The Body Shop’s seaweed cleanser takes me back to my second year flat in the freezing, burnt-coffee aroma of North Dunedin, each and every time I smooth it on. I happily remember the stress, the inconvenience of having to return to my awkward, abandoned Castle street room, always clean and tidy but ultimately unloved, rejected and cold. I hated being there, but I looked forward eagerly to returning to Oli’s warm flat, always full of people and heat pumped air, a bag of clean clothes and toiletries in tow.

I wonder how I can remember this time happily all because of a cleanser, and recently I found out why. Nostalgia is always positive. It is a happy emotion, no matter what the context. Maybe that’s why we all love those old L&P ads so much.

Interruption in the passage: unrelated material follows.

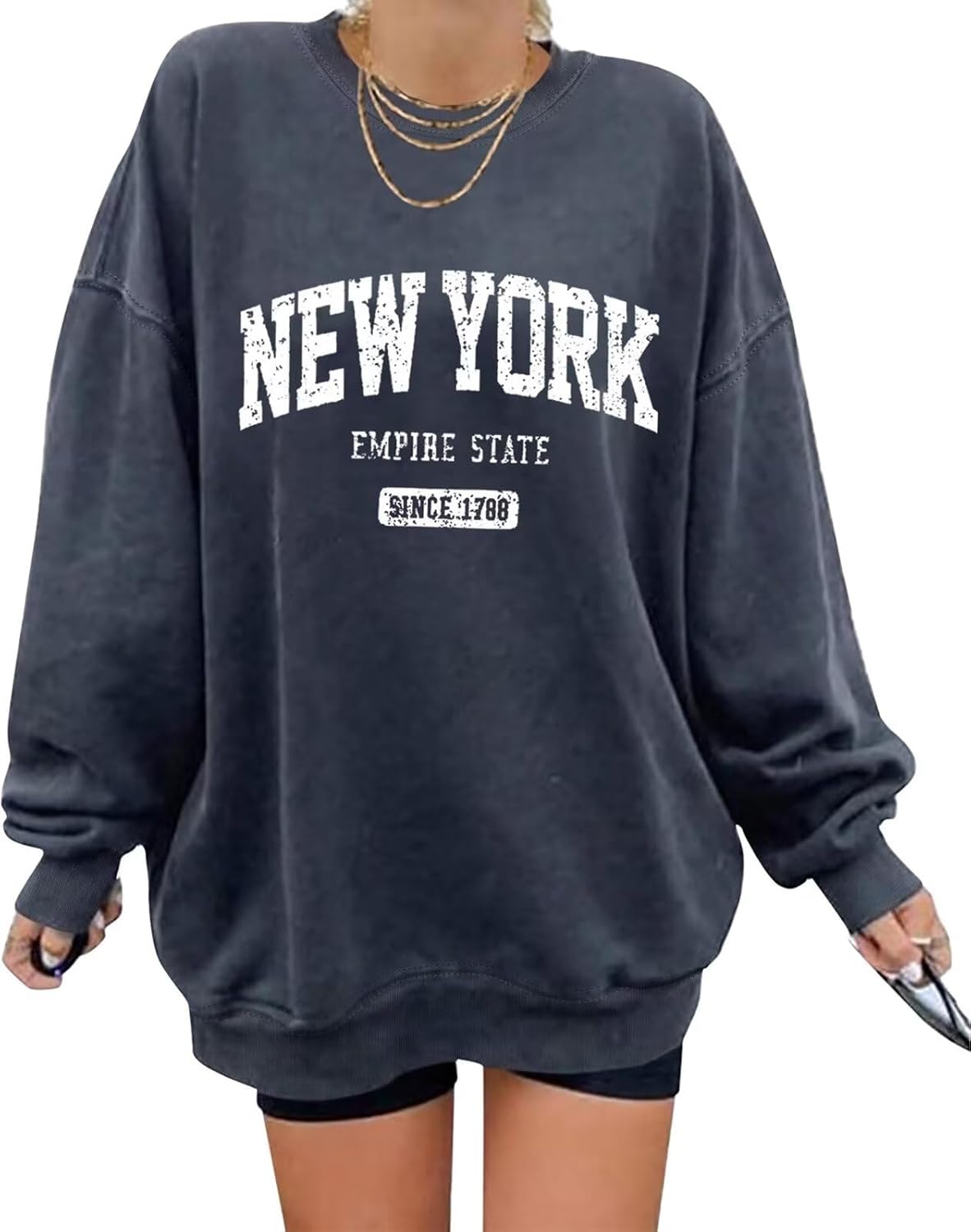 Cozy Chic: ORANDESIGNE Oversized Sweatshirt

These memories follow me around throughout my life, almost as though I had bottled them myself, to take from place to place as a sentimental keepsake.

Strawberries are another one that gets me every time. One taste, one smell, reminds me unconditionally of Christmas in Raglan. I imagine chopping them in half, the knife slicing through the seedy red flesh to meet my thumb, the fizz and bubbling of the champagne as the fruit hits the bottom of the glass. They remind me perfectly of a New Zealand Christmas with the family, happily raising our glasses, smiling faces freshly made up and shining with love, wine, and Mum’s inevitable camera flashes.